Tenant Cluster management is gated by dedicated RBAC permissions:
  • TenantCluster — Create, Read, Update, Delete cluster registrations
  • TenantClusterSecrets — Read and Update the KubeConfig credentials stored on a cluster

RBAC: Tenant Center

The Tenant Center addon includes additional Role-based Access Control (RBAC) settings you can use to manage tenant-related permissions. These permissions include:
  • Tenant Center - Enables access to the Tenant Center
  • Tenant Center RBAC - Enables access to Tenant Center RBAC Override settings Note: This does not disable the ability to disable/enable Tenant Center RBAC Overrides, but does disable access to editing the specific override settings.
  • Tenant Center Logs - Enables access to the logs inside of the Tenant Center
  • Tenant Center Backup - Determines if a user can modify backup settings or perform backup/restore operations for tenants
  • Tenant Center Deploy - Determines if a user can deploy releases to tenants
  • Tenant Center Impersonate - Determines if a user can impersonate (access directly) a tenant
  • Tenant Center Secrets - Enables access to secrets for a tenant, such as Environment Variables

RBAC Override

From the Edit Tenant panel, you can enable RBAC Override.

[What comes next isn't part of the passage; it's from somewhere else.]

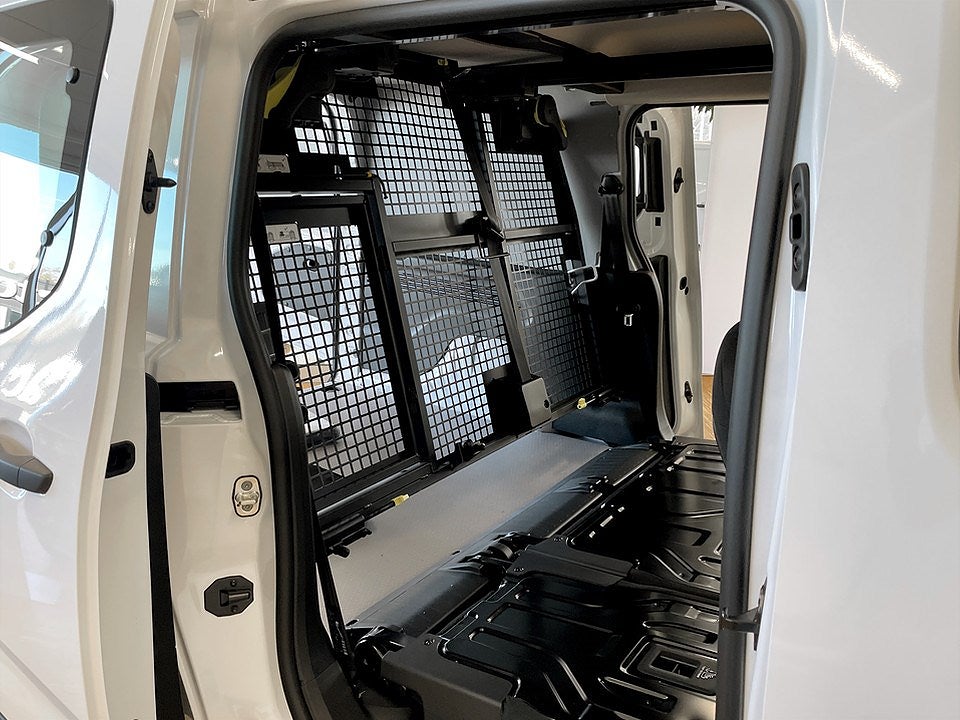 Bild på Peugeot Partner Crew Cab 1,5 BlueHDi 130hk Aut - EDITION! SERVICE & VINT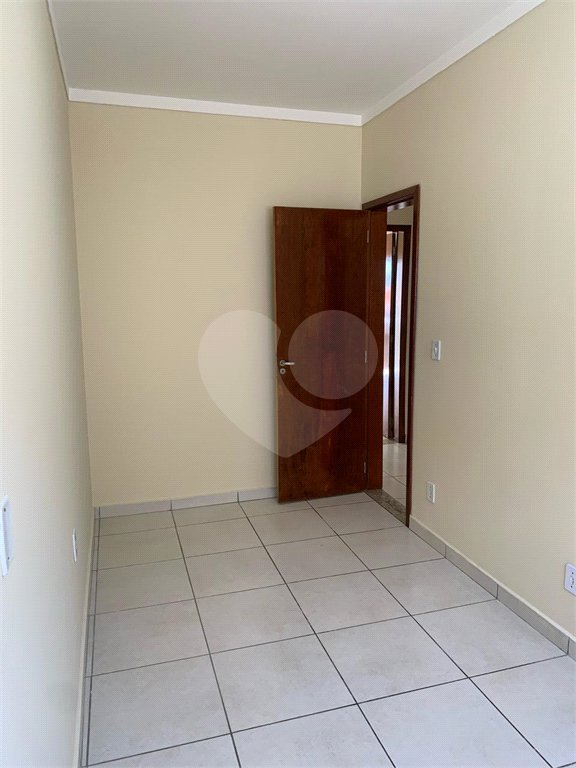 Casa à venda com 2 quartos em Vila Nova Sorocaba, Sorocaba, SP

This option allows you to specify individual user permissions for each tenant by clicking RBAC at the top of the Tenant Center.

Common role recipes

RolePermissions to grant
Deploy operator — can ship releases but not change tenant config or read secretsTenant Center, Tenant Center Deploy, Tenant Center Logs
Read-only auditor — can review tenant state and deploy history without making changesTenant Center, Tenant Center Logs
Tenant admin — full lifecycle ownership of a tenant including secrets and backupsTenant Center, Tenant Center Deploy, Tenant Center Backup, Tenant Center Secrets, Tenant Center Impersonate, Tenant Center Logs
Support engineer — can impersonate to troubleshoot but cannot deploy or change secretsTenant Center, Tenant Center Impersonate, Tenant Center Logs

Best Practices

1

Tag your tenants

Using tags is crucial to quick and consistent work inside of the Tenant Center, especially as the number of tenants you have grows.
2

Follow a traditional deployment framework

This would include developing on a development tenant, pushing final changes to a stage tenant where all of your QA and testing happens, and then deploying releases from stage.Read more about the entire Development Lifecycle here.
3

Inform your users of upcoming deployments

In most cases, it’s good practice to make sure your users are aware of upcoming changes.